Re: [sqlalchemy] Best practices for sub-dividing a large collection relationship

Dane K Barney Thu, 30 Dec 2021 18:04:28 -0800

Hey Mike, thanks for your speedy reply.

I guess I left out some key details and simplified my examples a little too 
much, which is probably why you're confused.


For one, I have actually implemented downstream_edges and upstream_edges as 
dictionary collections, i.e.:

src_node = relationship(
    "Node",
    foreign_keys=[src_node_id],
    backref=backref(
        "downstream_edges",
        collection_class=attribute_mapped_collection("downstream_key"),
    )
)

@property
def downstream_key(self):
    return self.dst_node, self.color

The purpose of this is to provide an easy way of doing "upserts" -- that 
is, checking if an edge already exists before inserting, since the edge 
table has a UNIQUE KEY (`src_node_id`,`dst_node_id`,`color`) that would be 
violated otherwise.

This allows me to do:

downstream_key = (dst_node, color)
try:
edge = node.downstream_edges[downstream_key]
except KeyError:
edge = Edge(dst_node=dst_node, color=color)
node.downstream_edges[downstream_key] = edge

I realize that this means self.downstream_edges is being fully loaded every 
time I do this "upsert". But this is why I can't follow your suggestion of 
simply adding Edges with Edge(src_node=src_node, dst_node=dst_node, 
color=color), because there's no check to prevent violating the UNIQUE KEY. 
So the question then is what is the most performant way of achieving this 
"upsert" behavior without triggering a full load of the downstream_edges.

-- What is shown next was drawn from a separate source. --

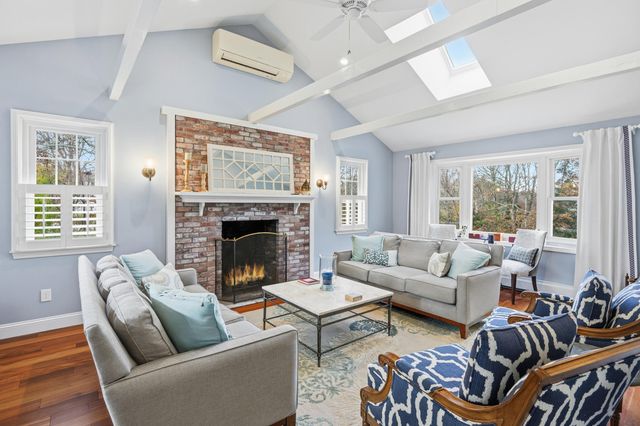 34 Mistic Drive, Marstons Mills, MA 02648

There is a second problem I'm running into when trying to make use of 
dynamic relationships, or any relationship definition which requires flush 
+ query to load. When I add a new edge to a collection, if I want to have 
event listeners respond to those modifications, for example by using 
@event.listens_for(Session, "before_flush") 
then I don't seem to be allowed to reference any relationship inside that 
event listener which requires database querying to fetch. I'm assuming this 
is because the "before_flush" event listener cannot itself load a 
relationship that would require a flush to load, because we are already in 
mid-flush.
Given that, if I've added a new edge to downstream_edges, which is 
lazy="dynamic" let's say, how can I see all the items in that collection, 
or in a subset of that collection (which could be a lazy="dynamic" 
relationship or a primaryjoin + viewonly=True relationship) without 
requiring an additional flush at an a point in time when one is not allowed?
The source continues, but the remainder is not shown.